The road to everywhere

When Jesus walks with his new friends on the Road to Emmaus, he simply comes along-side them for a while. They tell stories. Jesus opens scriptures and they tell Him their sad story of the events of their last few days. That is what we should do now, in these 40 days.

We are told that their “hearts burned within” them when Jesus spoke to them of the scriptures – God’s stories told and retold. Our story.

What we are not told however, is that there never was, nor has there ever been, a place called Emmaus. There are places named that now. But at the time of the stroll along a road – Jesus and these two others – at that time there was no map of the first century nor reference in any record (and the Romans kept good records) which contained a place anywhere near Jerusalem (or far from it) named Emmaus. It simply never existed at that time or previous. Roads were named for their destination at the time of Jesus’ walking. There was not such place. There was no such road. So why fabricate that?

I find this interesting because the tidbit of information means that they were really just walking alongside each other and not “towards” anything in particular. Or, the fabrication is meant to convey that the destination is not the point of a walk and a talk. Both.

This week, for a day, I was in Santa Fe at the home of some new friends. My heart burned within me as we discussed issues of faith. The hosted a dinner party and I met their friends, and made friends with them. Most of the conversation was not about Christian faith and belief, ritual and polity even though some of the conversation took place in a beautiful chapel of glass that looked out over the New Mexico desert with a light show that changed every quarter hour from pinks to taupes to purples. And half of us were clergy. Most of our conversation was about native American Spirituality in which these people were non-native experts. Though they were experts in God. Fluent.   And by experts I mean that rare kind of clergy who are in deep, real relationship with God, not simply “experts in the subject.”

We discussed fires and dance, fasting and prayer, sacrifice and sweat, metal and leather. My heart burned within me when we spoke, Christians all, about this different liturgical practice full as it is with physical sensations.

At one moment, my host, in a segment of silence said “Charles, you look peaceful.” He seemed surprised which made me sad and hopeful, both. And suddenly I was aware that indeed I was. We had told our stories. Or bodies had been doing what human bodies do when telling and hearing stories from beginning to end – injecting chemicals into our bloodstream which give us a natural “high” – an encouragement of connection – a means of nature’s encouragement that we connect and so, survive.
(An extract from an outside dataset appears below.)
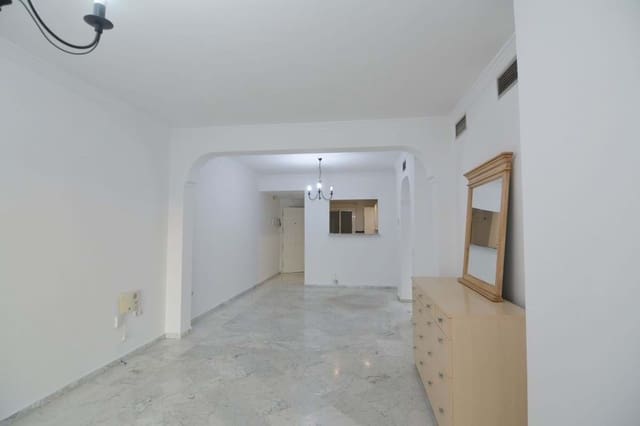 2 sovrum Lägenhet till salu i Mijas med pool garage - 305 000 € (Ref: 9454727)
Our hearts burned within us.

We ate a simple meal and laughed and cried and told our stories and spoke of Jesus and also of other versions of God and the New Mexico mountains took on the bedclothes of purple for the night and began to settle in. It’s what I had always hoped church would be.

The truth is, I am dead tired of hearing about the stories of Jesus in the Bible. I want to hear more about the way Jesus shows up in our lives, playing hide and seek in other costumes, other faiths, other liturgies of turquoise, clay and coral, not just brass, linen and silver. My soul craves something it was fed last night. It craves people. Friendship. Vulnerability.

A friend recently told me that I write so much about friendship because I am not a very good friend – not good at friendship. And maybe that’s true. But that does not change the very real truth that I want friendship. I want to encounter Jesus in the form of people along whom I come, side-by side, walking to a place that does not exist on any map and so never getting there. And yet getting where we need to go. Burning hearts. Kind eyes. Gentle touches of hand and arm. Warm smiles. A holy kiss. Laughter which doubles one over and makes breathing difficult. Tears which flush out the poisons.

Sitting on a wooden pew is fine. Safe. Elegant. But I want my heart to burn within me as I walk with new friends to nowhere in particular and yet arriving.

This Post Has One Comment

  1. Kristi

    Perfect. Just what I needed this morning.